I would really appreciate to get this resolve as soon as possible as this is litreally pissing me off 

Thanks in advance


----------



## 2xg (Aug 5, 2009)

*Re: Always need to restart computer to get internet working*

Hi there,

First thing I'd suggest is to update your network adapter's driver.

Is this a wired or wireless issue? Have you tried both connections?

An ipconfig/ all output might be beneficial for us to review.
http://www.techsupportforum.com/forums/f138/how-to-run-an-ipconfig-all-command-655357.html


----------



## NewTechy (Aug 12, 2012)

*Re: Always need to restart computer to get internet working*

Hi, Thanks for your advise. I am facing this issue with both connections i.e. wired and wireless. 

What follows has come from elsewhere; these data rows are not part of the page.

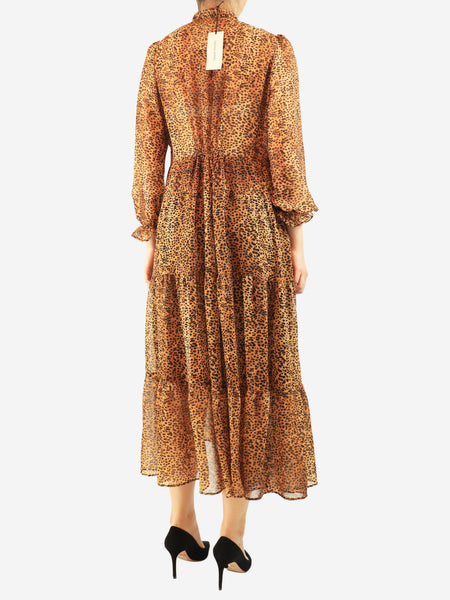 Brown cheetah print tiered midi dress - size UK 14 alternate image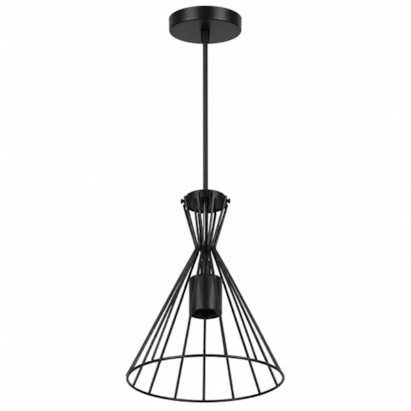 Luminária Pendente ARS Aramado Cone E27 Preto - 152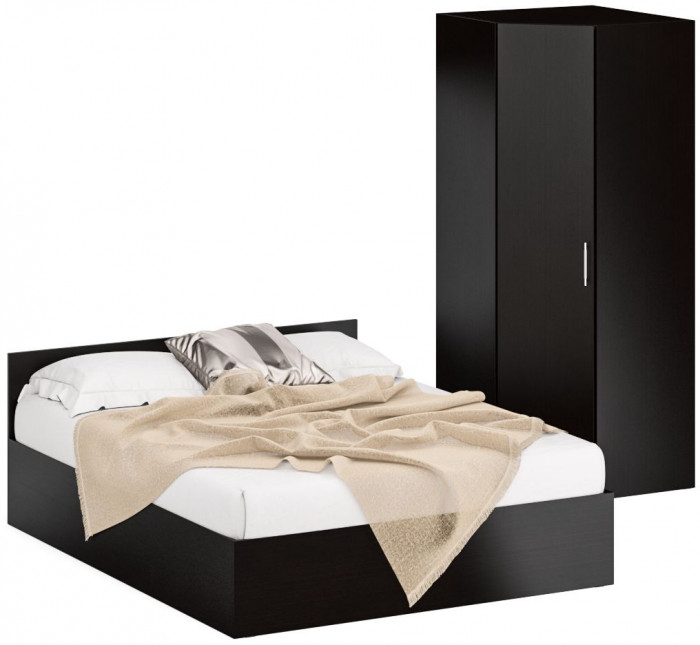 Кровать 1600 + Шкаф угловой Стандарт, цвет венге, ШхГхВ 163,5х203,5х70 + 81,2х81,2х200см., сп.м. 1600х2000 мм., без матраса, основание есть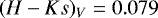 $(H-Ks)_V = 0.079 $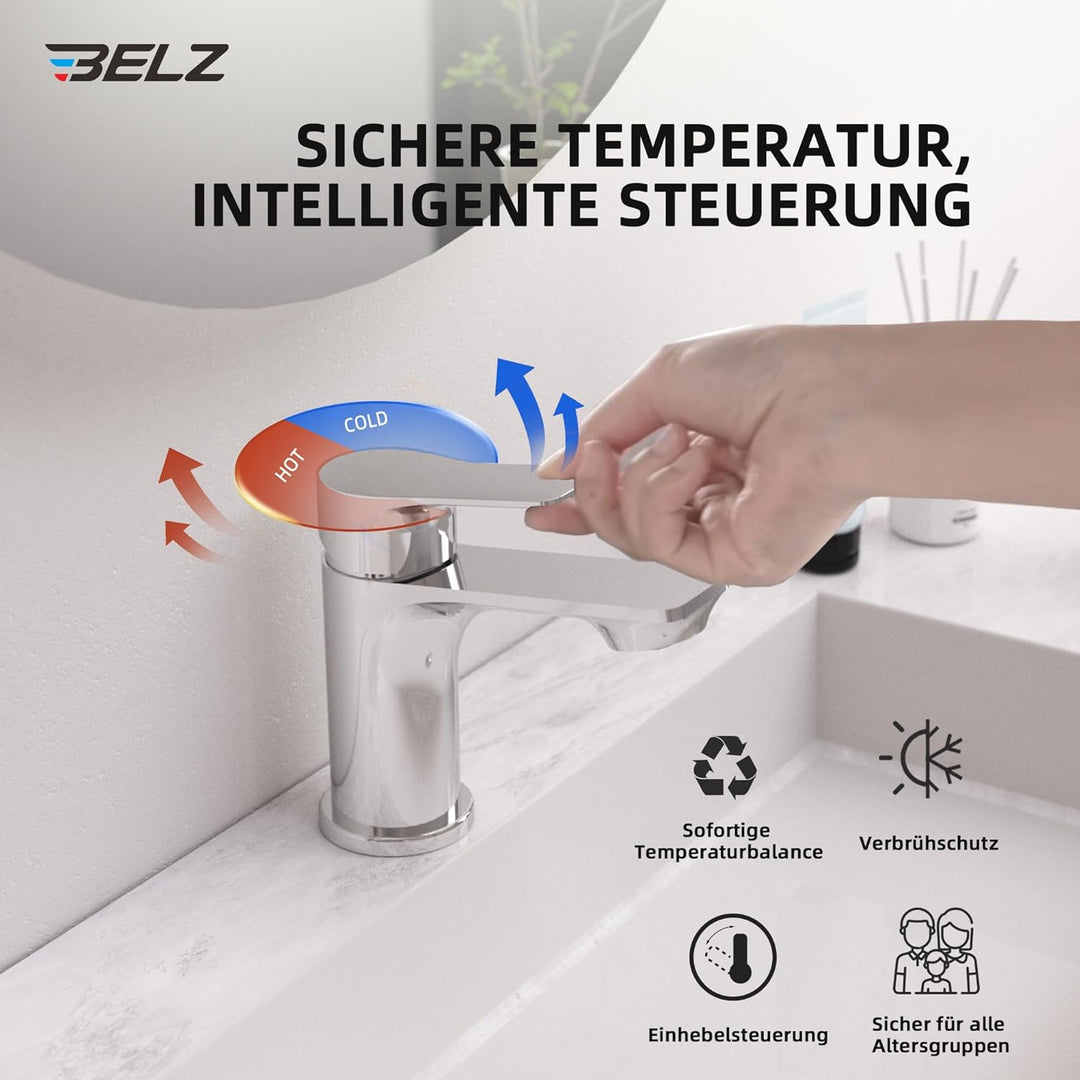 BELZ Wasserhahn Bad, Einhebel-badarmatur, Armatur Badezimmer, Mischbatterie Bad, Höhe 86 mm, Energie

As you suggested, I also tried updating network adapter drivers however it gives me an error saying "Cannot install drivers. No intel(R) Adapters are present in this computer". Below is the ipconfig /all result which I took BEFORE (it was working) and AFTER (when it stopped) surprisingly both results match. There was no change in result. At the same time I also tested the connection using ping Google which gives the received and sent bytes. Please help.

BEFORE :

Windows IP Configuration

Host Name . . . . . . . . . . . . : ----------
Primary Dns Suffix . . . . . . . :
Node Type . . . . . . . . . . . . : Mixed
IP Routing Enabled. . . . . . . . : No
WINS Proxy Enabled. . . . . . . . : No

Ethernet adapter Local Area Connection:

Connection-specific DNS Suffix . :
Description . . . . . . . : Realtek RTL8139 Family PCI Fast Ethernet NIC
Physical Address. . . . . . . . . : 00-19-D1-B3-37-6C
Dhcp Enabled. . . . . . . . . . . : Yes
Autoconfiguration Enabled . . . . : Yes
Autoconfiguration IP Address. . . : 169.254.XXX.XX
Subnet Mask . . . . . . . . . . . : 255.255.0.0
Default Gateway . . . . . . . . . :

PPP adapter netway:

Connection-specific DNS Suffix . :
Description . . . . . . . . . . . : WAN (PPP/SLIP) Interface
Physical Address. . . . . . . . . : 00-53-45-00-00-00
Dhcp Enabled. . . . . . . . . . . : No
IP Address. . . . . . . . . . . . : 27.106.XX.XX
Subnet Mask . . . . . . . . . . . : 255.255.255.255
Default Gateway . . . . . . . . . : 27.106.XX.XX
DNS Servers . . . . . . . . . . . : 120.13X.XX.XX
8.8.8.8
NetBIOS over Tcpip. . . . . . . . : Disabled


AFTER:

Windows IP Configuration

Host Name . . . . . . . . . . . . : ----------
Primary Dns Suffix . . . . . . . :
Node Type . . . . . . . . . . . . : Mixed
IP Routing Enabled. . . . . . . . : No
WINS Proxy Enabled. . . . . . . . : No

Ethernet adapter Local Area Connection:

Connection-specific DNS Suffix . :
Description . . . . . . . : Realtek RTL8139 Family PCI Fast Ethernet NIC
Physical Address. . . . . . . . . : 00-19-D1-B3-37-6C
Dhcp Enabled. . . . . . . . . . . : Yes
Autoconfiguration Enabled . . . . : Yes
Autoconfiguration IP Address. . . : 169.254.XXX.XX
Subnet Mask . . . . . . . . . . . : 255.255.0.0
Default Gateway . . . . . . . . . :

PPP adapter netway:

Connection-specific DNS Suffix . :
Description . . . . . . . . . . . : WAN (PPP/SLIP) Interface
Physical Address. . . . . . . . . : 00-53-45-00-00-00
Dhcp Enabled. . . . . . . . . . . : No
IP Address. . . . . . . . . . . . : 27.106.XX.XX
Subnet Mask . . . . . . . . . . . : 255.255.255.255
Default Gateway . . . . . . . . . : 27.106.XX.XX
DNS Servers . . . . . . . . . . . : 120.13X.XX.XX
8.8.8.8
NetBIOS over Tcpip. . . . . . . . : Disabled


----------



## TheCyberMan (Jun 25, 2011)

*Re: Always need to restart computer to get internet working*

The netway is that the data card wireless connection?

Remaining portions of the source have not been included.